Néanmoins, Man of Steel n'est pas exempt de défauts. A trop vouloir en mettre plein les mirettes aux spectateurs, Snyder délaisse dans la dernière heure de son film (à deux ou trois passages près) la métaphysique nolanienne qui fonctionnait pourtant si bien, transformant Superman en bulldozer de la mort (certes protecteur, mais un bulldozer quand même). En invoquant une menace aussi dangereuse que celle du général Zod, le long-métrage flirte avec le film catastrophe (en renvoyant au passage Roland Emmerich et Michael Bay au niveau école maternelle), alternant les actions épiques de notre héros avec des vues sur la population en panique. Les personnages secondaires n'ont cependant plus l'occasion de se dessiner (Perry White, incarné par Laurence Fishburne en est le meilleur exemple) et même la romance entre Kal-El et Loïs Lane (Amy Adams, impeccable) perd en intérêt (bien qu'il s'agisse de la plus logique écrite à ce jour). Alors qu'il traitait avec une sensibilité humaine la genèse de son homme volant, Snyder y préfère par la suite la puissance kryptonienne.
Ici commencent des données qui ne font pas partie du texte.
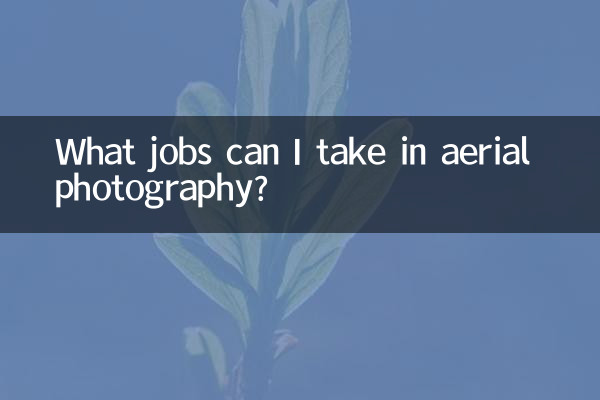 What jobs can I take in aerial photography?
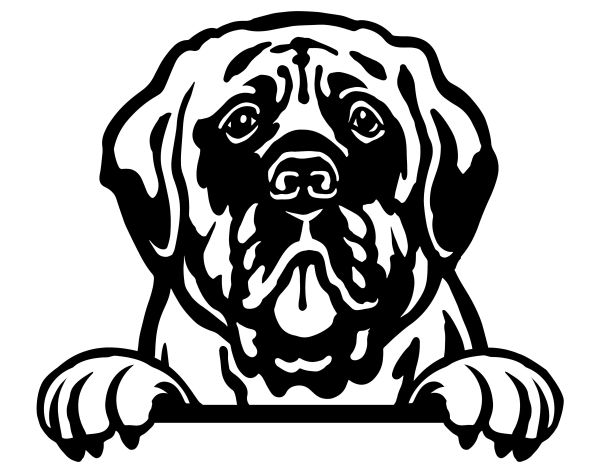 Anglický mastif - C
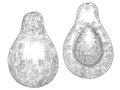 Vector black and white image of a whole and halved avocado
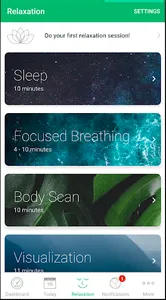 Welsana screenshot 4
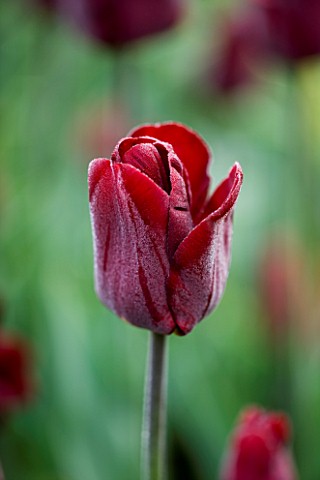 ULTING_WICK__ESSEX_SPRING__CLOSE_UP_OF_THE_RED_FLOWER_OF_TULIP_JAN_REUS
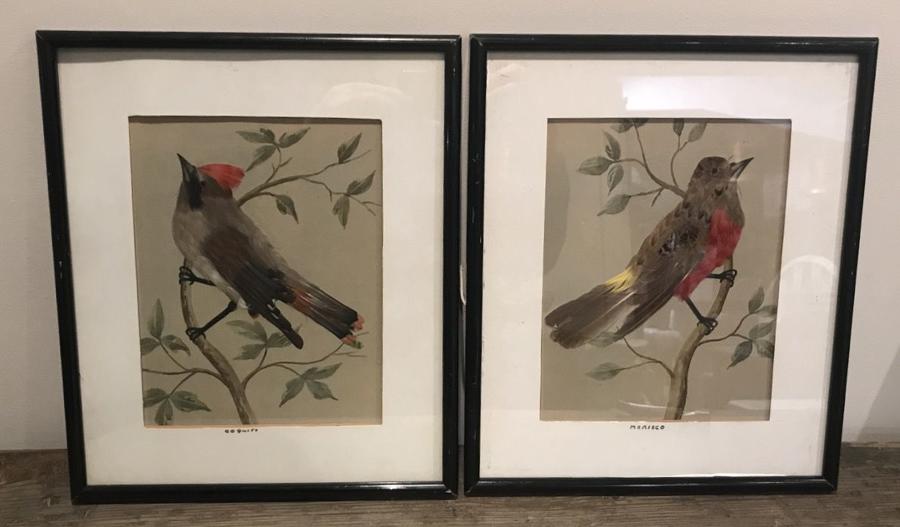 PAIR OF REAL FEATHER BIRD PICTURES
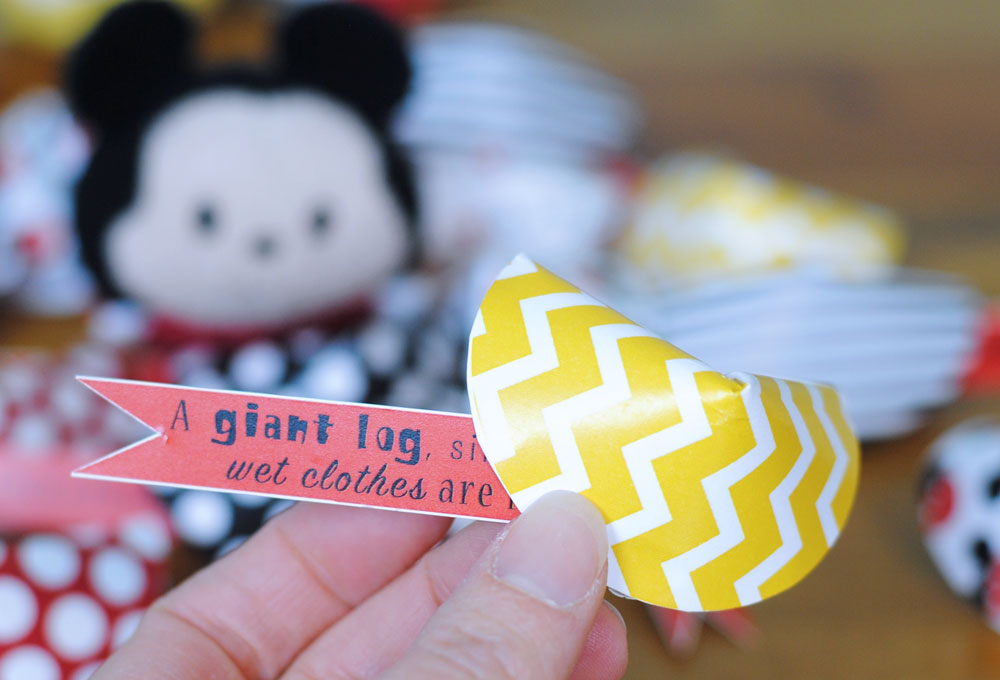 Disneyland Vacation Surprise Fortune Cookie
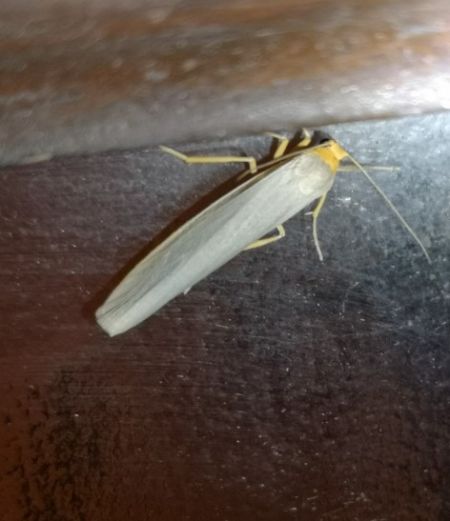 Eilema sp.  - Françoise Rauzieres (TGB-SSNTG)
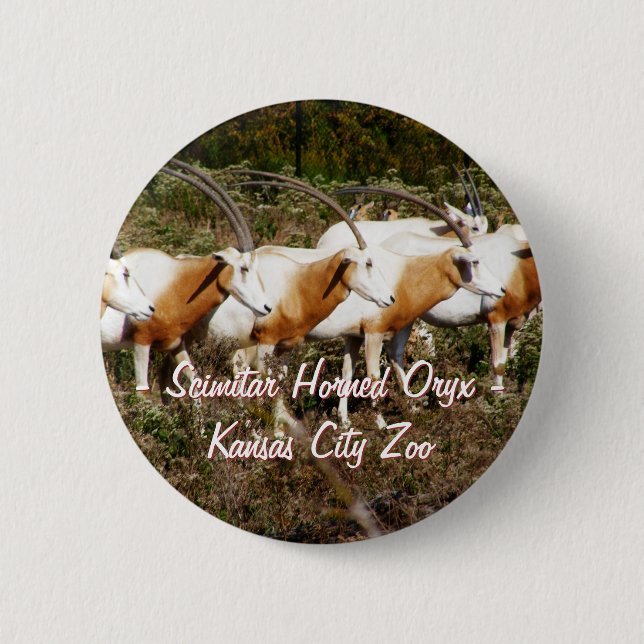 Scimitar Horned Oryx Button Knapp (Framsida)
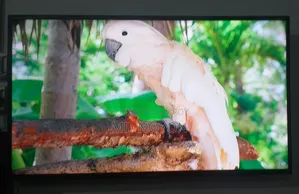 40" Walton Android Fhd Hdr Tv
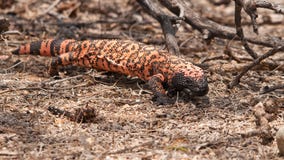 Colorado man bitten by pet Gila monster dead days later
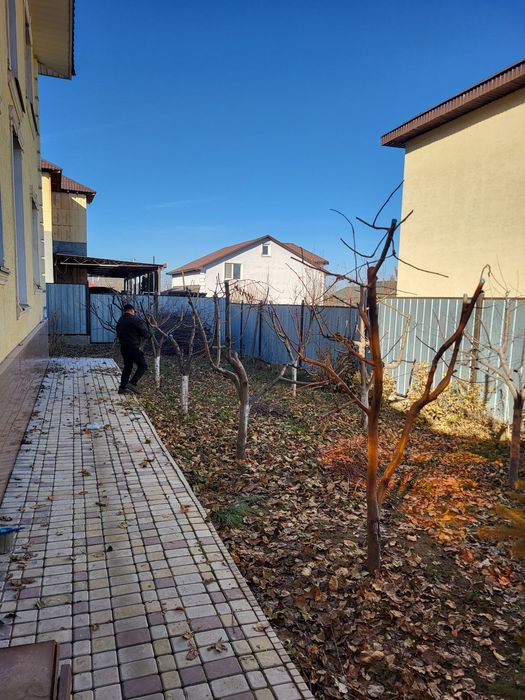 Обрезка плодовых деревьев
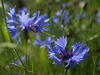 Bleuets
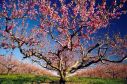 Blossoming Peach Tree, Adams Co., PA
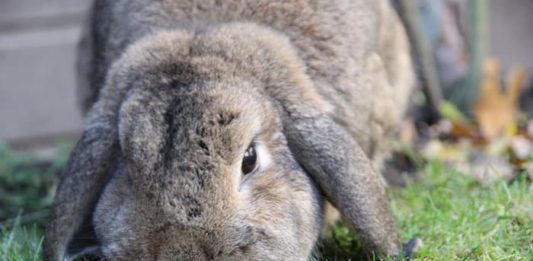 La dermatofitosi nel coniglio: come si manifesta? dermatofitosi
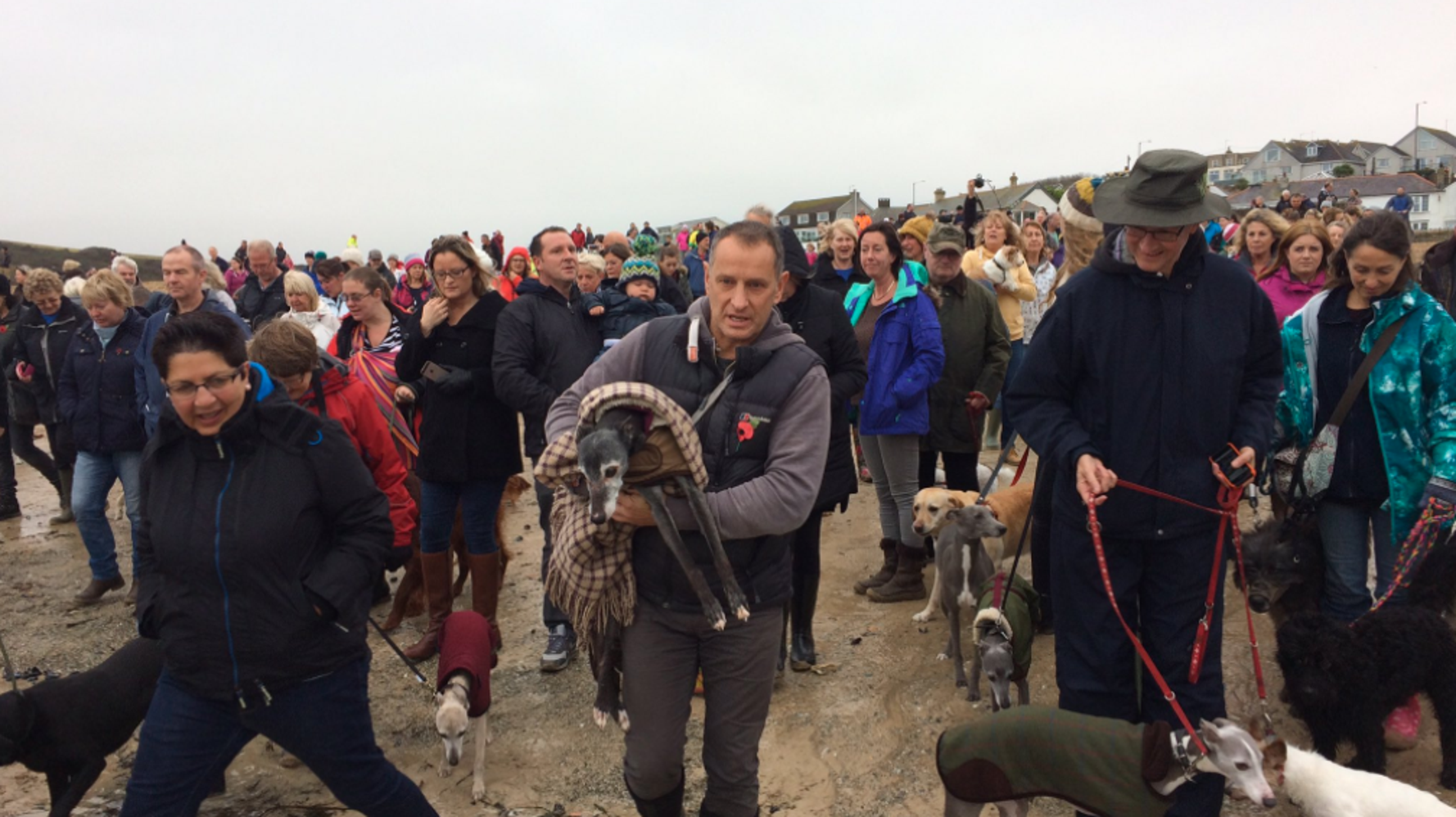 Hundreds Join Walnut The Dog On His Final Walk Before Being Put Down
Au final, les défauts de Man of Steel reflètent l'équilibre que cherche Superman, et l'aspect binaire de l'ensemble. Kryptonien et humain, intimisme et spectaculaire, Snyder et Nolan... Les deux parties bien visibles (et mal équilibrées) du film ne confortent en réalité que la découverte de l'identité de Kal-El. En actualisant le héros et en le rendant plus sombre, le cinéaste le fait hésiter quant à ses capacités, sur son pouvoir à sauver le monde...et en vue des dommages collatéraux que subit Métropolis, on peut fortement en douter. A l'instar de nombreux blockbusters hollywoodiens, Man of Steel dépeint une société en proie au soupçon et à la paranoïa. Si les multiples buildings détruits métaphorisent encore une fois le 11 septembre 2001, le réalisateur ambitieux universalise la menace (la scène où Zod pirate les écrans du monde entier en est le meilleur exemple). Peut-être qu'en y insufflant trop son souffle, Christopher Nolan a quelque peu bridé Zack Snyder, empêchant son film d'être le chef-d'œuvre annoncé par les studios. Cependant, Man of Steel s'annonce comme l'un des grands blockbusters de l'année, à la fois spectaculaire et intelligent. On peut d'ailleurs le résumer en réemployant une réplique de The Dark Knight : Ce n'est pas le Superman dont nous avons besoin, mais celui que nous méritons.
2013
États-Unis (2h23)
Avec Henry Cavill, Amy Adams, Michael Shannon, Diane Lane, Russell Crowe, Kevin Costner...
Scénario : David S. Goyer. Sur une idée David S. Goyer et de Christopher Nolan. D'après l'œuvre de Joe Shuster, Jerry Siegel.